Tribulaciones de un mago

Publicado en el diario Perfil
Suplemento de Cultura
El mago ya no quiere sacar conejos de la galera. De pronto, la mano ahí adentro, el público esperando, se da cuenta de que ya no quiere hacerlo. No es que se haya cansado de los conejos, ni que se revele contra las rutinas de su oficio. Es otra cosa. Una idea peregrina de esas que vienen de la mano de alguna tristeza peregrina. Tal vez el cuerpo que otra vez no se acostumbra a estos primeros calores de primavera, y entonces el frac es un poco más ridículo que de costumbre. O las caras de esos chicos que lo miran, esperando mucho de él, pero no lo que él quisiera que esperasen. O ese chizito húmedo que eligió entre chizitos húmedos, del plato que la madre del cumpleañero le ofreció minutos antes de empezar el espectáculo. El mago retiene la mano dentro de la galera porque la idea, la sensación, lo ha tomado por sorpresa. Los párvulos lo miran impertérritos. Diez o quince niños y un par de mayores, incluyendo a los padres del cumpleañero, párvulos ellos también. Ellos, todos, esperan al conejo. Y de pronto el mago se pregunta algo que nunca antes se ha preguntado: ¿a quién se le habrá ocurrido esto de sacar conejos de las galeras, y por qué? ¿Por qué no sacar ardillas, caballitos de mar, cuises? ¿Quién, al principio de los tiempos, estuvo primero, el conejo o el mago? Con la mano dentro de la galera de pronto el mago no puede evitar preguntarse qué pasaría si en lugar de ser niños, los que lo estuvieran mirando fueran conejos, y lo que él sacara de la galera fueran niños.

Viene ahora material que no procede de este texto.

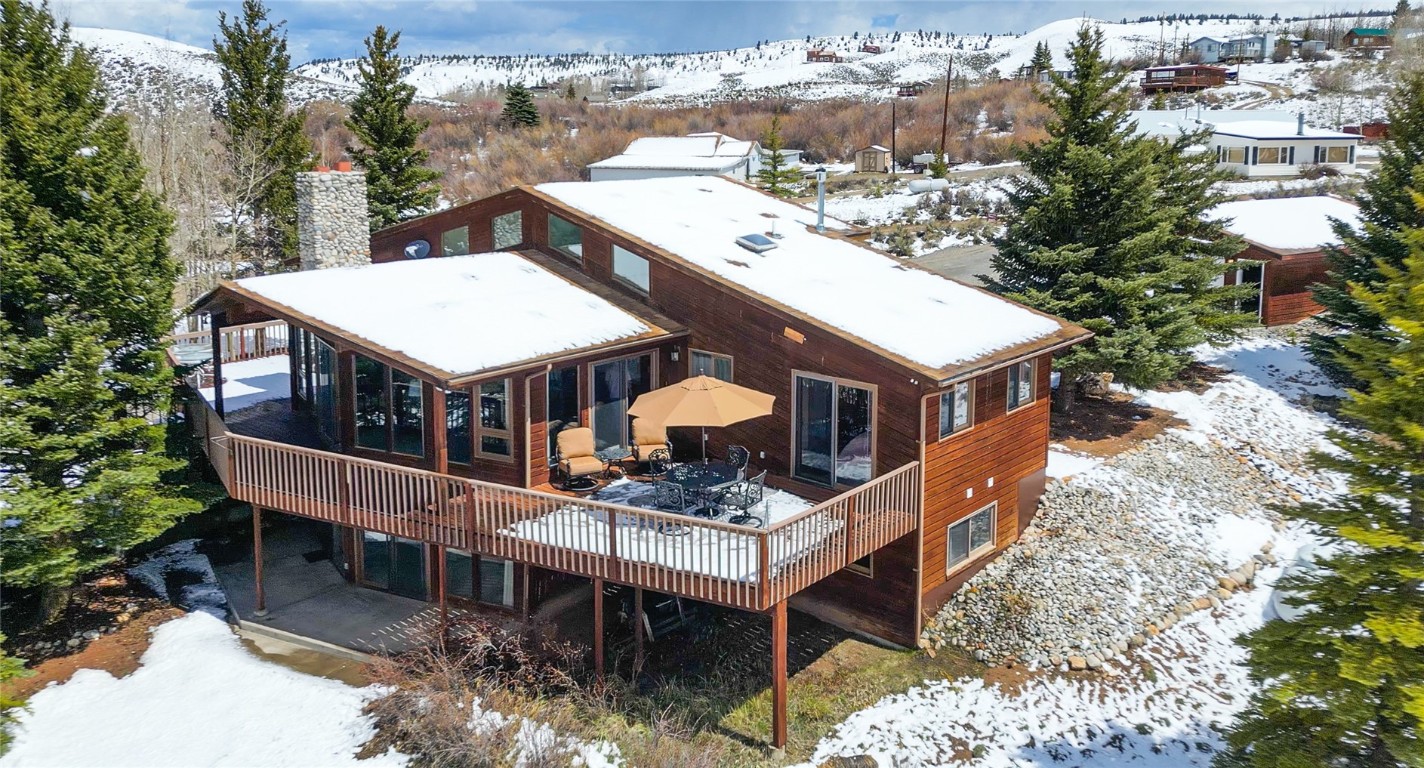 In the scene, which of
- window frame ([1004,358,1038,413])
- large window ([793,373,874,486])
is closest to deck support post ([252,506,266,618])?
large window ([793,373,874,486])

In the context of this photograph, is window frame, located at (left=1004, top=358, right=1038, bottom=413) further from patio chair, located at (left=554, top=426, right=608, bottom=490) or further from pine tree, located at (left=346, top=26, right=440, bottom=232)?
pine tree, located at (left=346, top=26, right=440, bottom=232)

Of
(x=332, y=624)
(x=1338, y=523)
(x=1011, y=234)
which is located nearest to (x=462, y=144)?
(x=1011, y=234)

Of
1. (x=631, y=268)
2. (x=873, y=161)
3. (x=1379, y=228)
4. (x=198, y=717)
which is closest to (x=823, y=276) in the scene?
(x=631, y=268)

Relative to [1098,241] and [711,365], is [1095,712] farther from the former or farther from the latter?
[1098,241]

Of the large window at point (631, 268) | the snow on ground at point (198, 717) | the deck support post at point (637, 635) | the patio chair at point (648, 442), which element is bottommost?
the snow on ground at point (198, 717)

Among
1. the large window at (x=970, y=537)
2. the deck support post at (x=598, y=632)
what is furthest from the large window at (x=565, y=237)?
the large window at (x=970, y=537)

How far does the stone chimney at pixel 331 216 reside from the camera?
60.0 feet

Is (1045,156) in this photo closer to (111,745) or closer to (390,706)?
(390,706)

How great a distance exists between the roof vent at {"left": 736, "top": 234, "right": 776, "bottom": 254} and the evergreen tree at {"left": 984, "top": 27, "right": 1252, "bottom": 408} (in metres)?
6.11

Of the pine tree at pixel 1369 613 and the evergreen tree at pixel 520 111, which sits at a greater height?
the evergreen tree at pixel 520 111

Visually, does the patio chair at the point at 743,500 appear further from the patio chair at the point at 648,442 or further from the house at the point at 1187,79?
the house at the point at 1187,79

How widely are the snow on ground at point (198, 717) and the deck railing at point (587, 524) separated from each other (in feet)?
7.57

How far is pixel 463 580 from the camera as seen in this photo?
15609mm

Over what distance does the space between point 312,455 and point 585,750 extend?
5800mm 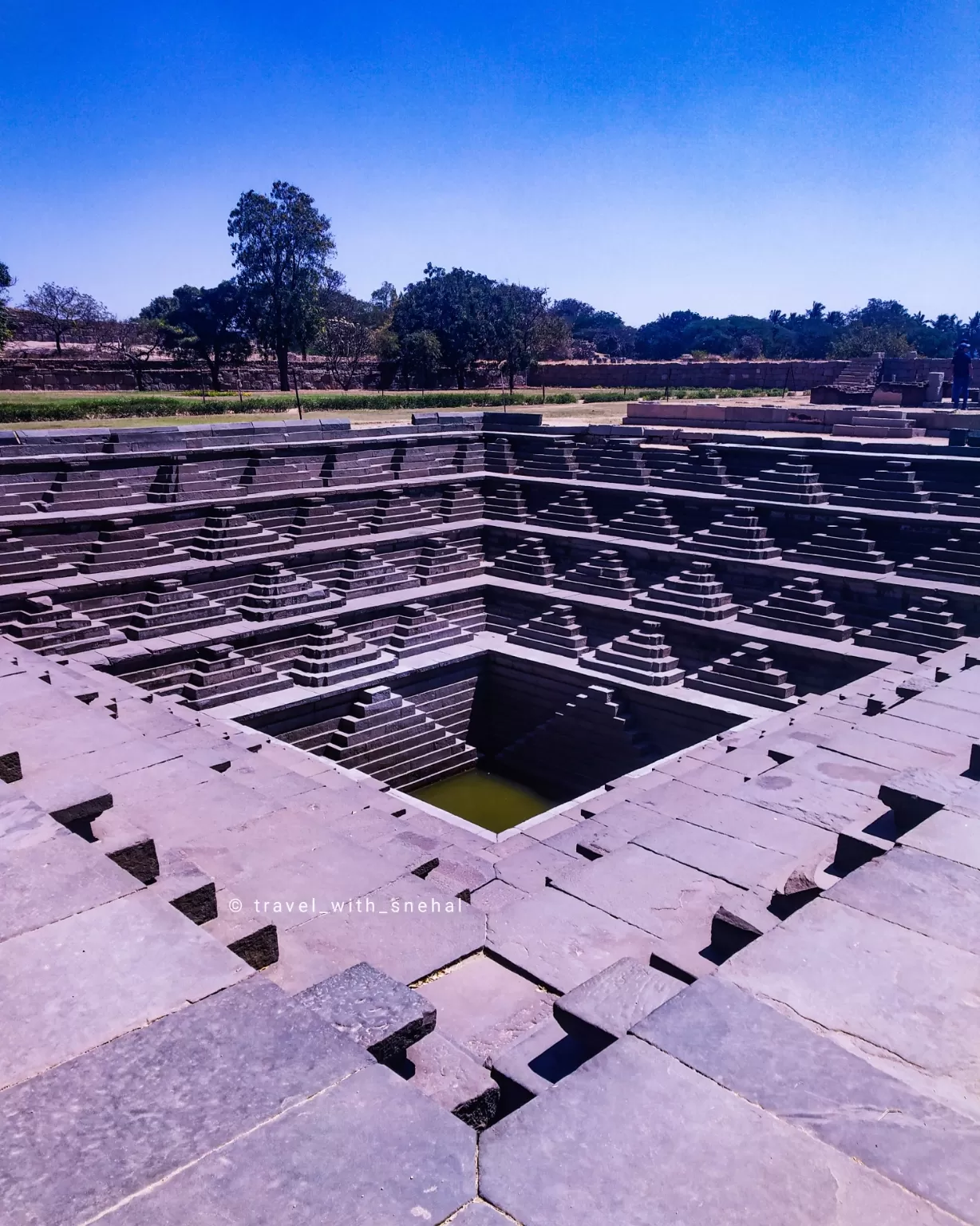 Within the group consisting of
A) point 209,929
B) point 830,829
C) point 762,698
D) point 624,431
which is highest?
point 624,431

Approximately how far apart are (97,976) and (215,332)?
124 feet

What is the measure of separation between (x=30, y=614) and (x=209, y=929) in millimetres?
9129

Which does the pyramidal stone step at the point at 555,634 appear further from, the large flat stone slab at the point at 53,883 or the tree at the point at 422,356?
the tree at the point at 422,356

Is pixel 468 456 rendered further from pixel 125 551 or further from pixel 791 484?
pixel 125 551

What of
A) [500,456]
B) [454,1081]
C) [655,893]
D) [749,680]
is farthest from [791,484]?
[454,1081]

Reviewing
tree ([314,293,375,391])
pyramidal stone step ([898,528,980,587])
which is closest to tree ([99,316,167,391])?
tree ([314,293,375,391])

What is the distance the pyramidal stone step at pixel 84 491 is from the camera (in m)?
13.9

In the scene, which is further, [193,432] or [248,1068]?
[193,432]

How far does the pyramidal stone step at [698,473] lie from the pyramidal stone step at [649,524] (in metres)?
0.68

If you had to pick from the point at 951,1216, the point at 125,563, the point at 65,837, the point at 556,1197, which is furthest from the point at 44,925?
the point at 125,563

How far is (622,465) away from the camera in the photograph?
18.5 m

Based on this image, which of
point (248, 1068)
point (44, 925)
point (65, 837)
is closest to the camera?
point (248, 1068)

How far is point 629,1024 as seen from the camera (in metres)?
3.23

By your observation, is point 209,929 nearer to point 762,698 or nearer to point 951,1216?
point 951,1216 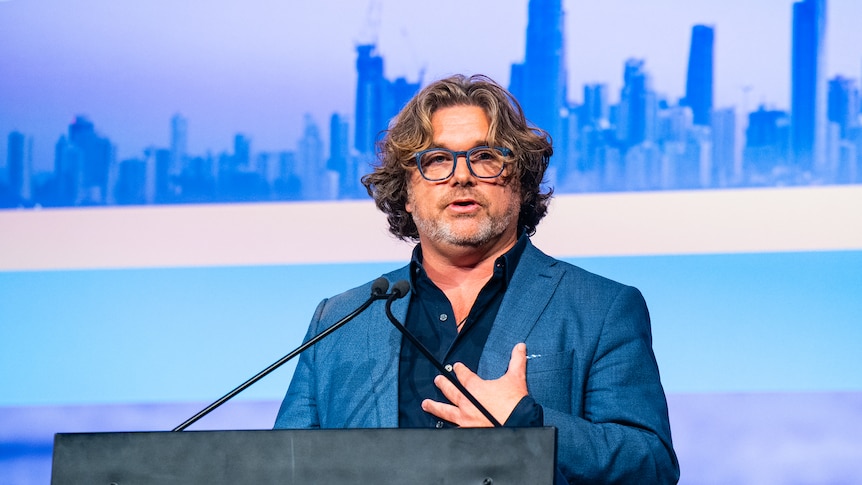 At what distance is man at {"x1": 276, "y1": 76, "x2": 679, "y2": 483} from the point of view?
1.90 meters

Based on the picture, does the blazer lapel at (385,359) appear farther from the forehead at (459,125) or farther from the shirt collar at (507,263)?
the forehead at (459,125)

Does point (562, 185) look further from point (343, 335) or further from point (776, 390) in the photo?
point (343, 335)

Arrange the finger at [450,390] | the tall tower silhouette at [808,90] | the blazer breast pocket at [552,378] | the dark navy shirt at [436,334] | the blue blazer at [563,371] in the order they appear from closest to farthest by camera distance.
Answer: the finger at [450,390] → the blue blazer at [563,371] → the blazer breast pocket at [552,378] → the dark navy shirt at [436,334] → the tall tower silhouette at [808,90]

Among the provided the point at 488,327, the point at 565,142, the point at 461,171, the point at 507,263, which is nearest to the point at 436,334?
the point at 488,327

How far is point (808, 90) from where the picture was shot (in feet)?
10.2

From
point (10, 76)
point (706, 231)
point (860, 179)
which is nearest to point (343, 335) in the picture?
point (706, 231)

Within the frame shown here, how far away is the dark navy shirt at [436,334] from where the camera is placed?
219cm

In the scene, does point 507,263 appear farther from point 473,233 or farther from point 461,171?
point 461,171

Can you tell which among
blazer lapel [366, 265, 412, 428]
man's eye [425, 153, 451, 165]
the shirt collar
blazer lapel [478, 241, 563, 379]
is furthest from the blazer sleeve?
man's eye [425, 153, 451, 165]

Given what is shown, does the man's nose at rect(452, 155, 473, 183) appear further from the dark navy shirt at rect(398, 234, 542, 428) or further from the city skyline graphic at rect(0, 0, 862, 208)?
the city skyline graphic at rect(0, 0, 862, 208)

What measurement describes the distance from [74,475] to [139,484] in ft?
0.34

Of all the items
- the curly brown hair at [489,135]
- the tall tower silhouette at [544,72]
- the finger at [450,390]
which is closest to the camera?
the finger at [450,390]

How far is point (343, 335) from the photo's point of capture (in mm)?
2377

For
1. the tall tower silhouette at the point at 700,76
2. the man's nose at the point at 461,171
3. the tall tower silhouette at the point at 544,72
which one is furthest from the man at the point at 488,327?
the tall tower silhouette at the point at 700,76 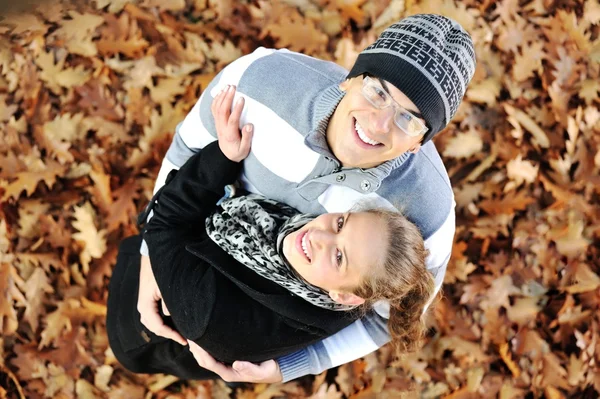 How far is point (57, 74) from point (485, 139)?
9.13 feet

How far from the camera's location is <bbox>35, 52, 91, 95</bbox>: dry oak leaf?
10.5 ft

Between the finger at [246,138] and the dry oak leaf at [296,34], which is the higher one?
the finger at [246,138]

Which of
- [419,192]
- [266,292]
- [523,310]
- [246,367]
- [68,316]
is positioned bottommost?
[523,310]

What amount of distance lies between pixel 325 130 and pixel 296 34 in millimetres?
1782

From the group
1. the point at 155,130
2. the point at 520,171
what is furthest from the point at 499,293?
the point at 155,130

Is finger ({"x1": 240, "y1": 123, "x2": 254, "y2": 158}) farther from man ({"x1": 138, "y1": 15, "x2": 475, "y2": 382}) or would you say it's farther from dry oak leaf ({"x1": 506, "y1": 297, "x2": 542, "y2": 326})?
dry oak leaf ({"x1": 506, "y1": 297, "x2": 542, "y2": 326})

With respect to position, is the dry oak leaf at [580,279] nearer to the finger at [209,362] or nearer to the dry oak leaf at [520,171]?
the dry oak leaf at [520,171]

¿Y si lo que sacara fueran niños, a pesar de tener enfrente a niños? Un solo problema le encuentra a esta posibilidad, y es que le resulta poco probable que la dueña de casa acepte al niño como regalo, como seguramente aceptará el conejo. Por un segundo se imagina su departamento de dos ambientes lleno de niños no queridos, paseándose y copulando como si fueran conejos. El mago suspira, se da cuenta de que está hablando para hacer tiempo, pero no sabe lo que está diciendo. El problema no son los bien queridos conejos, el problema es que ya todo ha sido sacado de una galera. ¿Qué es lo que podría sacar, algo nuevo, impensado, insólito? Claro que hay muchas cosas que él sabe, no pueden sacarse de una galera. Un tractor por ejemplo (aunque tal vez, pieza por pieza, piensa), o las manos perdidas de Perón (una mano sacando una mano, poético pero...). Entonces se corrige, todo lo que es sacable de una galera ha sido sacado. Y esta idea que parece acabar con todo, de pronto lo ilumina. Acaba de descubrir qué es lo que puede sacar, qué es eso nuevo, impensado e insólito. Triunfante, calla. Los niños retienen la respiración, los adultos dejan de murmurar. Con un gesto ampuloso saca la mano de la galera y muestra el portento a los presentes. Los niños ríen, aplauden, abren los ojos así de grandes. Los adultos se maravillan y comentan, asienten, se dicen qué buenos padres que somos, qué buen cumpleaños le estamos haciendo a nuestro hijo. El mago estaría feliz, si no fuera por un detalle. Y es que los niños festejan y los adultos sonríen de la misma manera que lo harían si estuvieran viendo a un conejo. El mago podría vivir con eso, podría aceptar ser el único en ver con verdaderos y únicos ojos el milagro, pero mientras más mira lo que sostiene en su mano, más se acerca a comprender que su felicidad, su orgullo, bien podría sentirlo con un buen conejo, de esos que le cuesta regalar. Y entonces oculta el portento bajo su capa, y continúa con el truco siguiente. Como un eco, mientras su mente se mece entre los pasos mecánicos del acto, queda flotando una idea. Sí, tendría que empezar a cobrar más caro.